Day 3 focused on mass spectrometry, chromatography, and sample preparation. It's always exciting to see advances in the discovery field of bioanalysis, as these innovations can translate to the regulated space in the future. The first session of the third day featured great presentations on robotics, AI, and even a "blast from the past" with accelerator mass spectrometry for microdosing applications. Native LC-MS for biologic drug biotransformation and using LC-MS for ADA isotyping caught my attention to conclude the morning session. I see this as a key aspect of the future of LC-HRMS and a logical extension of intact protein mass analysis. The potential of direct analysis without dependance on critical reagents and avoiding analytical bias could simplify workflows and improve bioanalytical data interpretation. The afternoon continued the theme of new and challenging applications of mass spectrometry approaches to biomarker determinations in tissues—a keen area of interest for me. Additionally, both Day 1 and Day 3, along with the interspersed Q&A panel discussions, concluded with a summation of what from the sessions would be included in the 2025 White Paper in Bioanalysis. These White Papers serve as scientific conference reports with recommendations from the WRIB meeting and become useful reference articles so watch out for the publication in near future.
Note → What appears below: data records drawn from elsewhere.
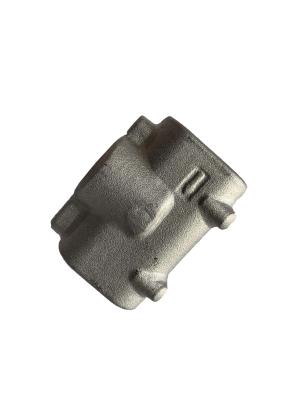 Chine La valve d'IATF 16949 plaquent le type de forge en aluminium valve du plat 6063 à vendre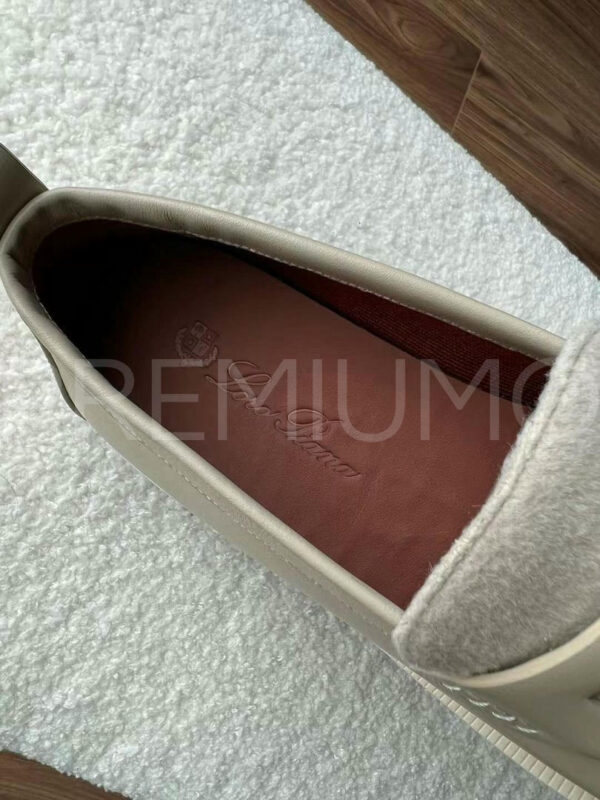 Loro Piana лоферы PR940655 3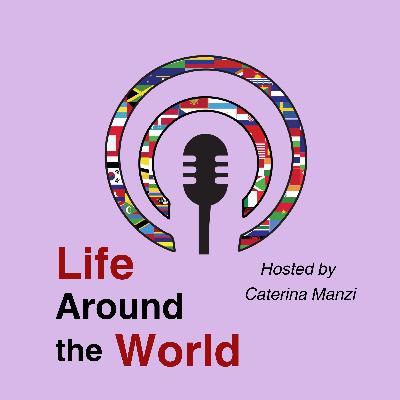 Ep. 7 - From Bulgaria to China and Beyond: Elena's Journey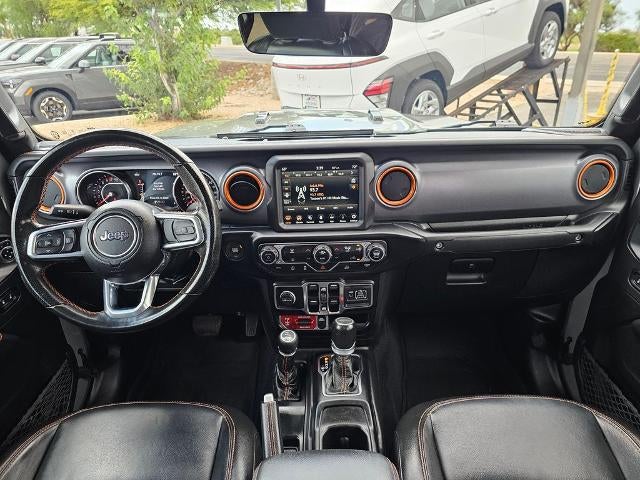 2022 Jeep Gladiator Mojave 4x4
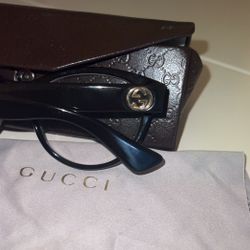 optical glasses gucci frame -3.75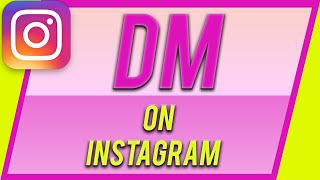 How to DM on Instagram - Instagram Direct Messages screenshot 1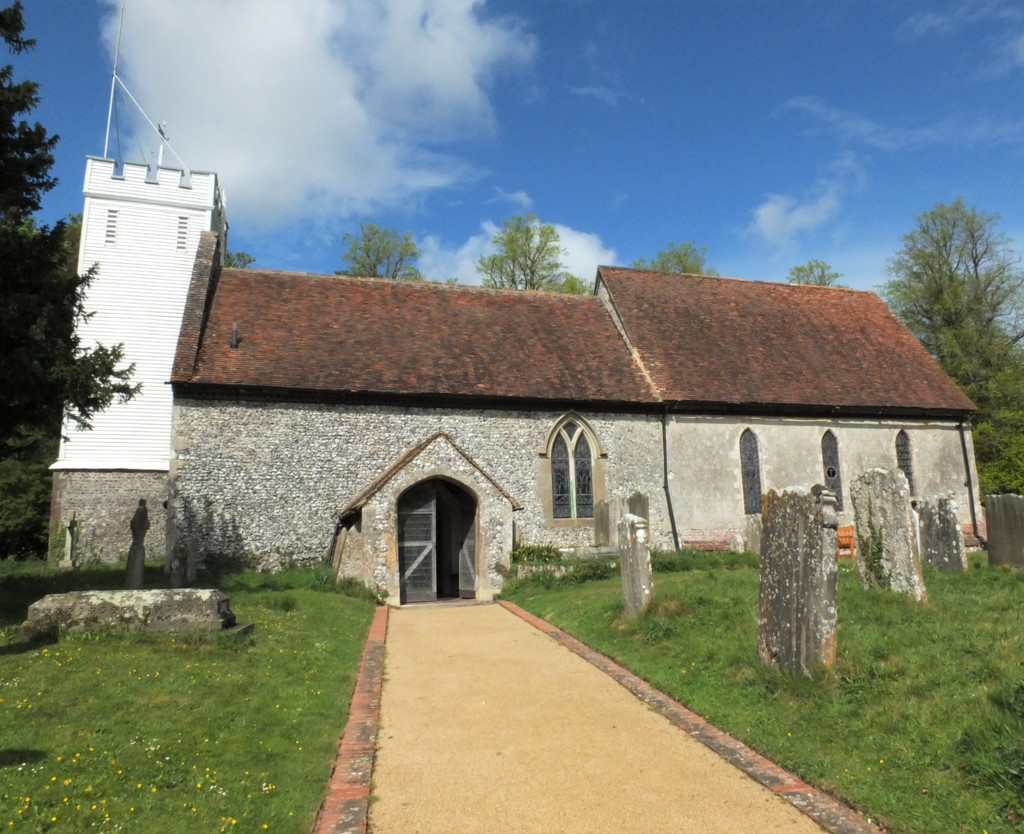 St John the Baptist Church, Doddington, Kent by bigmxx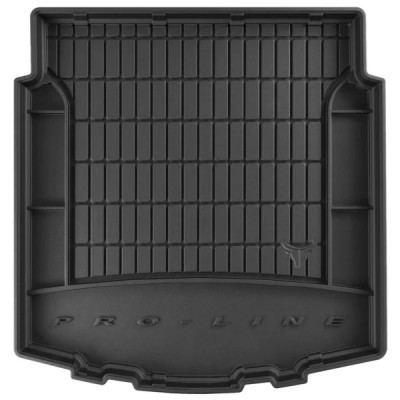 Коврик в багажник для Toyota Auris 2012-2018 Wagon нижняя полка Frogum ProLine TM413894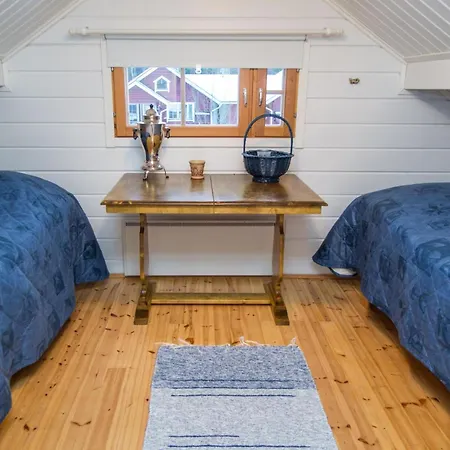 Holiday home Talvilaakso By Interhome *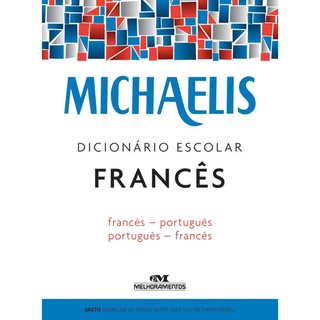 MICHAELIS - DICIONARIO ESCOLAR FRANCES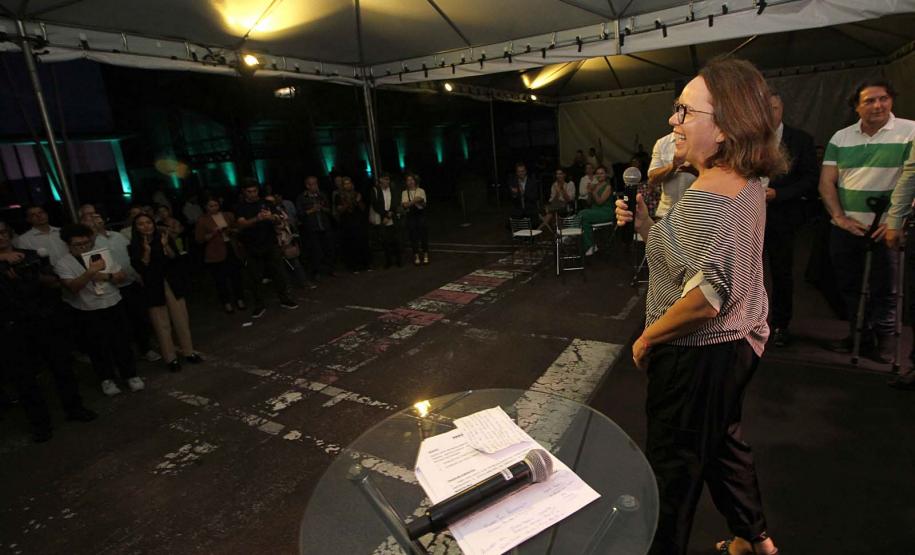 Fábrica de Ideias é apresentada a autoridades e empresários no encerramento do Smart City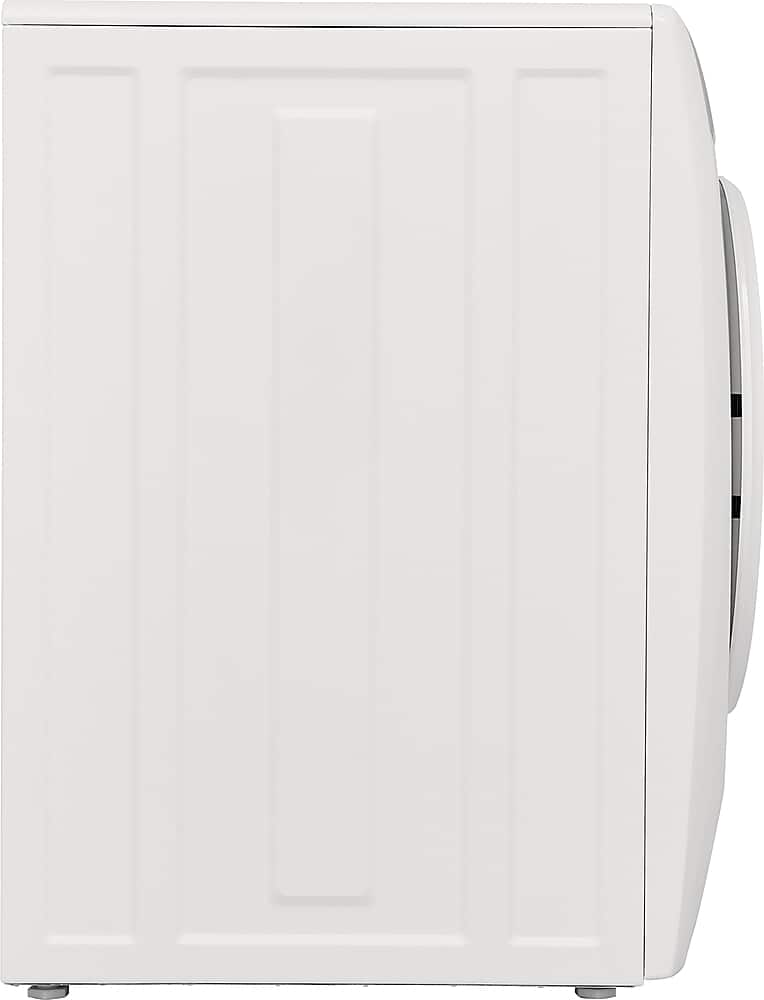 Electrolux - 4.4 Cu.Ft. Stackable Front Load Washer with LuxCare Wash System - White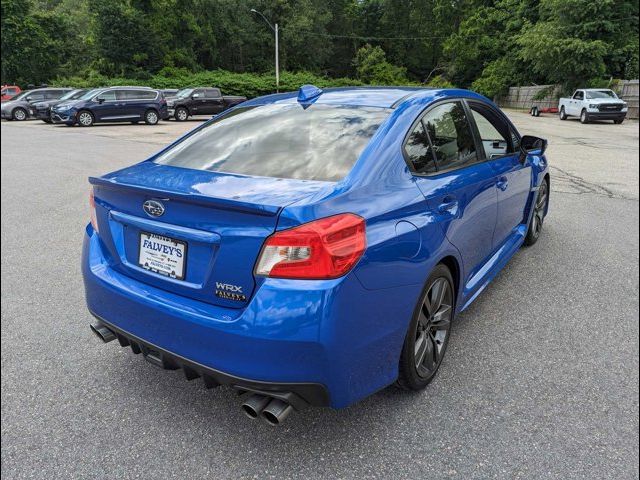 2016 Subaru WRX Limited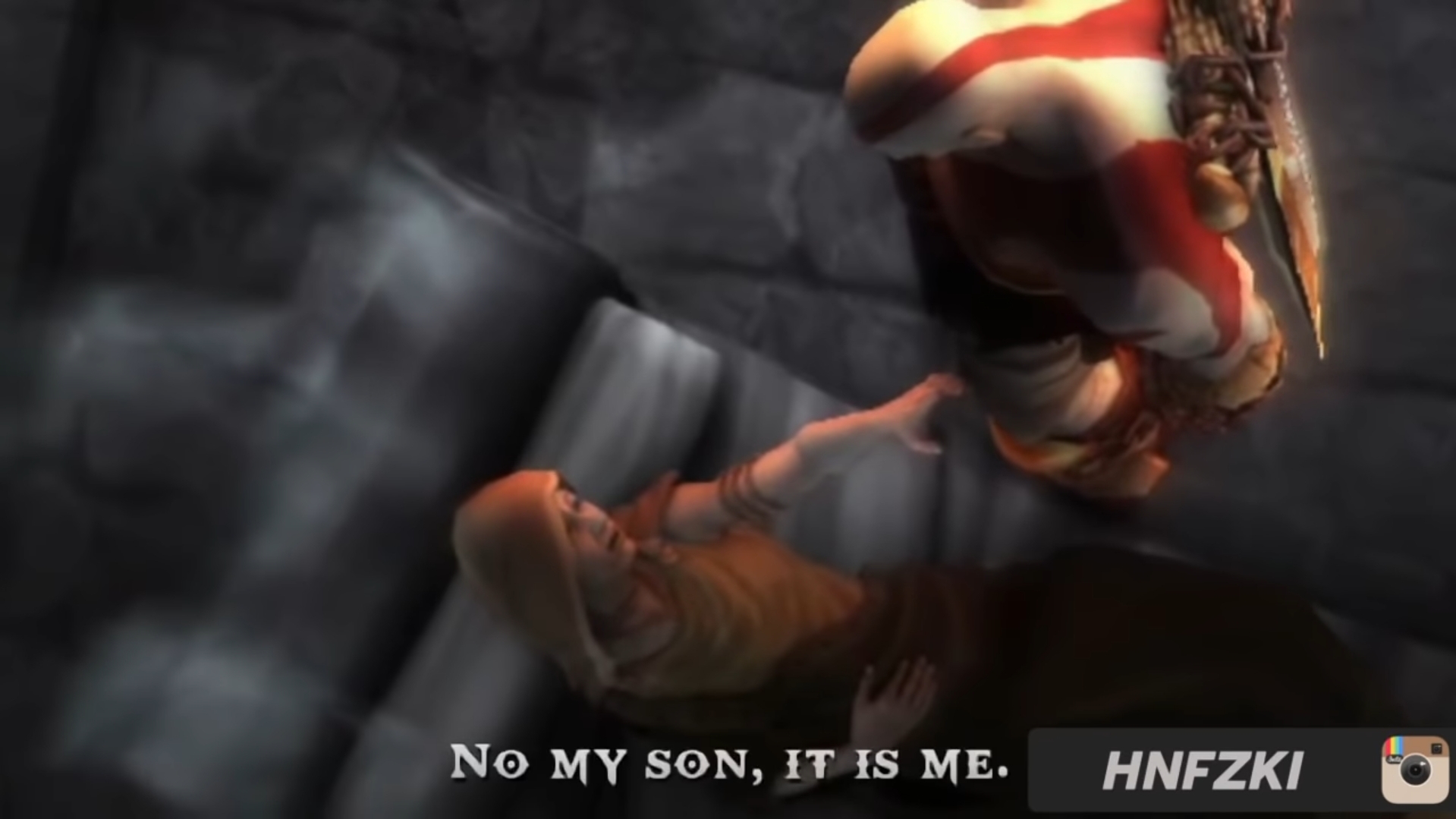 Kratos dan Ibu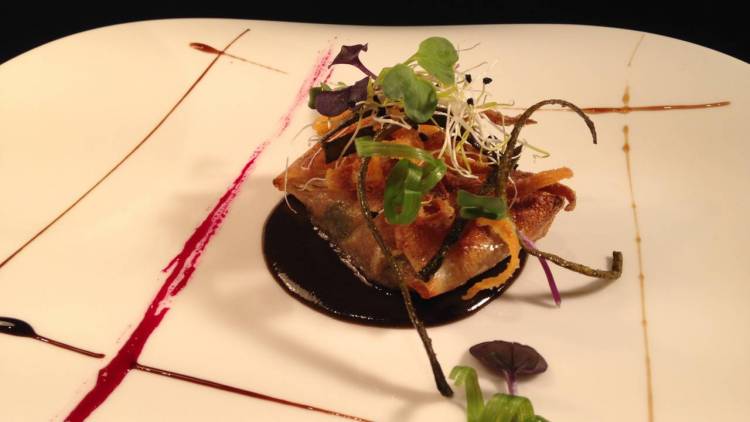 An outstanding dish cooked by Private Chef in Wichita Dish cooked by a Private Chef in Wichita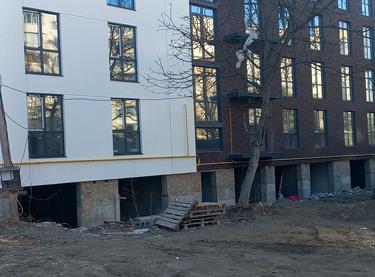 Статус будівництва вул. Стадникової, 40 Будинок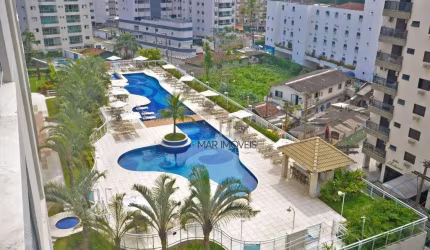 Apartamento à venda, 134 m² por R$ 1.290.000,00 - Praia das Astúrias - Guarujá/SP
My week in New Orleans concluded with the GCC closed forum. This session provided a look at regulated bioanalysis through the lens of a CRO, often with valuable nuance. High-profile topics on the agenda included CRO compliance with the 2025 US FDA BMV Guidance for Biomarkers, continuation of the hotly debated Sample Reconciliation recommendations, Cross-Validation Harmonization, and the use of Electronic Lab Notebooks (ELNs) in CROs. As expected, there were robust discussions, and I hope we can reflect the key debate angles in a white paper from this GCC forum. The FDA biomarker BMV guidance showed split opinions, with some appreciating the clarity that reference to ICH M10 brings. Others, including myself, shared concerns about the lack of reference to context of use (CoU) in ICH M10, which is pivotal for biomarker bioanalysis. The ICH M10 language around cross validations was another thoroughly debated topic, focusing on whether acceptance criteria should apply. We were reminded that the expert working group (EWG) for M10 explicitly positioned the guidance language to avoid acceptance criteria for cross-validation statistical assessments. Bioanalysts often seek acceptance criteria, but this is one area where variables may easily preclude a priori criteria. Concluding GCC with a discussion on the trials and tribulations of implementing ELN systems in regulated bioanalytical CROs seemed particularly apt. The potential benefits are obvious, but the challenges are significant. I’ve been involved in a long journey on adoption of ELN systems in our own labs (a topic of a future blog). It’s more challenging than anyone first considers adapting human-based notebook documentation into a fully electronic system. However, I feel as an industry we are getting there now and such community discussions, as fostered by GCC, help the debate, further our discipline and keep us aligned in supporting optimized drug development.
Next year, the 20th WRIB will be held April 13-17 in Dallas, TX. It's hard to believe I've been attending this meeting for 20 years, but it's as relevant as ever. Congratulations again to the WRIB organizing team.